What the task requires:
A word-for-word copy of the data is what's wanted; pictures stay out of it.
________________________
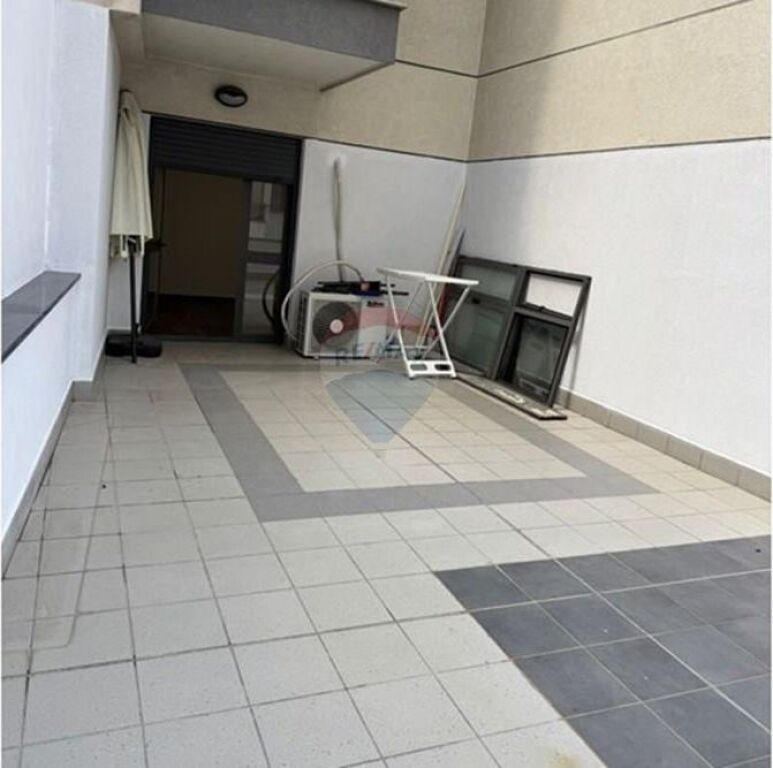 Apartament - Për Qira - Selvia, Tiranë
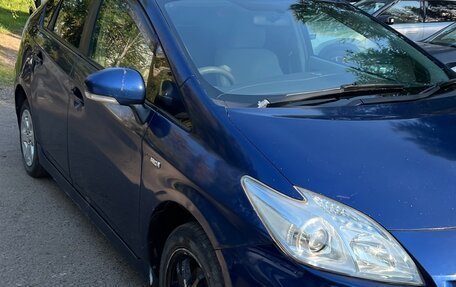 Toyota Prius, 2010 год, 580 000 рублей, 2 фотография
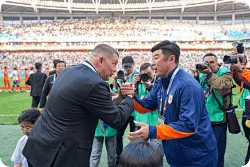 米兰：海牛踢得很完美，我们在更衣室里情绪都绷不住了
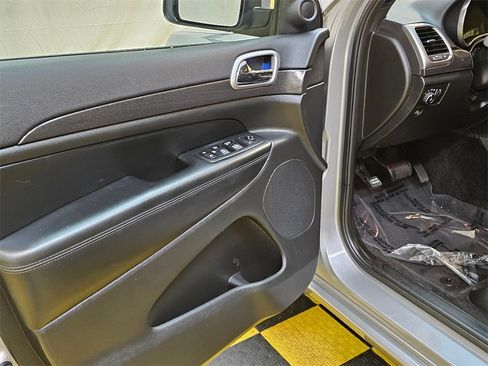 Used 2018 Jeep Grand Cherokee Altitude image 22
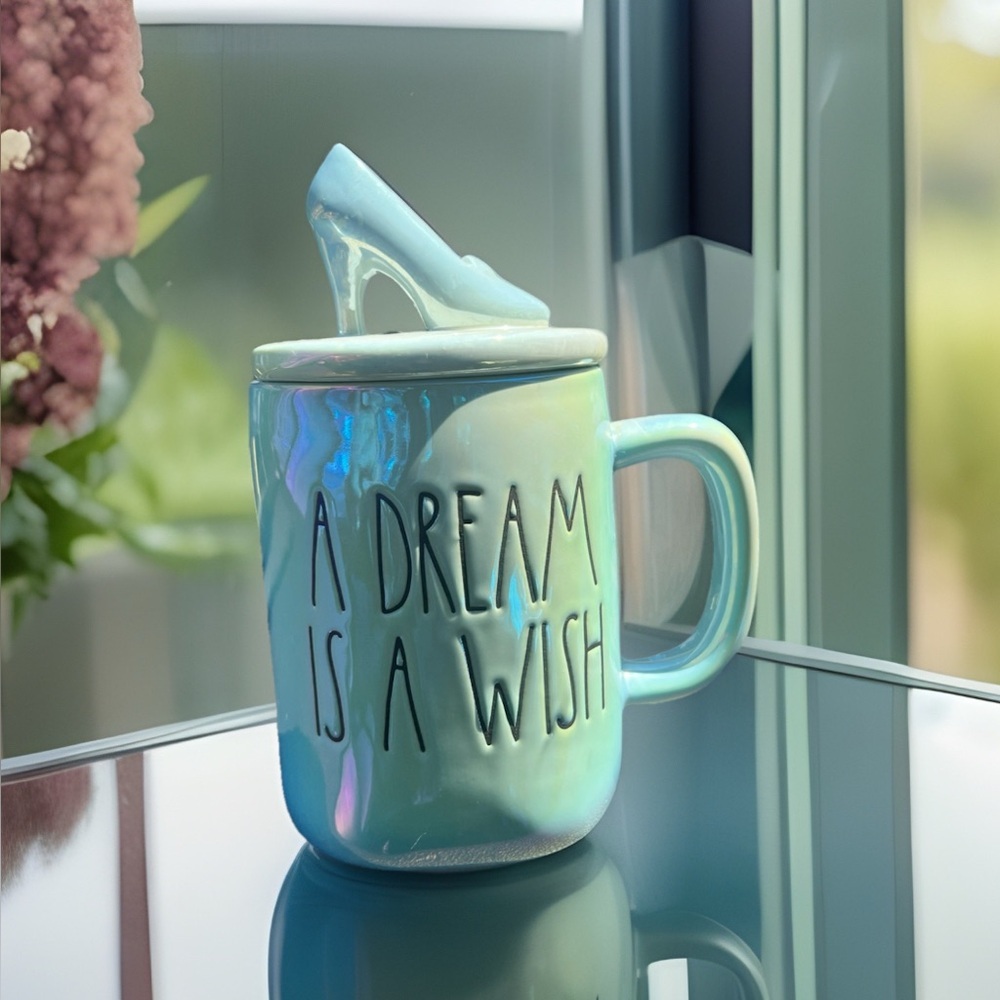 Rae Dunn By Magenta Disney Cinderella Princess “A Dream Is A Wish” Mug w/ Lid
________________________
Response area:
 Apartament - Për Qira - Selvia, Tiranë
 Toyota Prius, 2010 год, 580 000 рублей, 2 фотография
 米兰：海牛踢得很完美，我们在更衣室里情绪都绷不住了
 Used 2018 Jeep Grand Cherokee Altitude image 22
 Rae Dunn By Magenta Disney Cinderella Princess “A Dream Is A Wish” Mug w/ Lid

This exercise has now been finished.